Centre Pawn Opening
- Moves: 1.e4 e5 2.c3
- ECO: C20
- Parent: Open Game
- Synonym(s): MacLeod Attack

= Centre Pawn Opening =

Chess opening

The Centre Pawn Opening (or the MacLeod Attack) is a chess opening characterised by the moves:

1. e4 e5
2. c3

The opening was analyzed by Ruy López in his 1561 book, but has never been popular. It was played 17 times in the New York 1889 tournament by the Canadian master Nicholas MacLeod but has otherwise arisen rarely in tournament play.

==Discussion==
White's second move prepares to push a pawn to d4, establishing a strong . Play can potentially transpose to other openings, most likely the Ponziani Opening or the Göring Gambit in the Scotch Game. Eric Schiller states, however, that the opening is too slow, that Black can respond vigorously with 2...d5 to eliminate transpositional possibilities and solve all his opening problems, as after 3.exd5 Qxd5, the move 4.Nc3 is not available to chase the queen away and gain a tempo.

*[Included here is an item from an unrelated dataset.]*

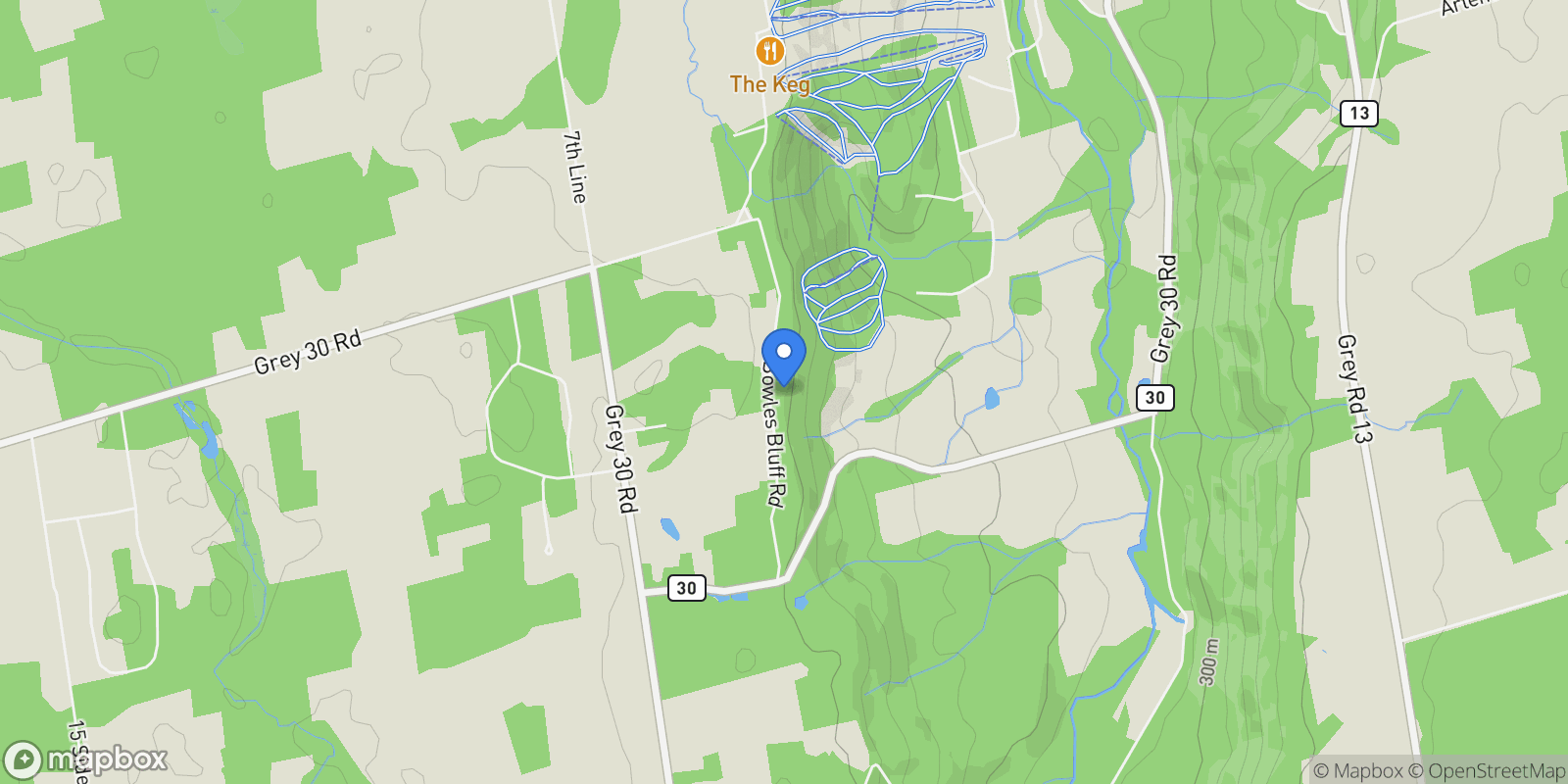 Map showing 219 Bowles Bluff Road, Grey Highlands, ON L0C 1H0, Markdale, Ontario, Canada.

After 2...d5, MacLeod played 3.Nf3 in MacLeod–Gossip, New York 1889, which continued 3...dxe4 (3...Nc6 is the Ponziani) 4.Nxe5 Qd5 (4...Bd6 5.Nc4 Be6 6.d4 exd3) 5.d4 exd3 6.Nd3 with an equal game after move 10 (Keres).

After 2...Nf6 3.d4, Rusakov–Verlinsky, USSR 1947, continued 3...Nc6 (3...Nxe4 was tried in Morphy–Bottin, Paris 1858) 4.Bg5 h6 5.Bh4 g5 6.Bg3 exd4 7.e5 dxc3, where 8.Nxc3! would have given White the upper hand with more (Keres).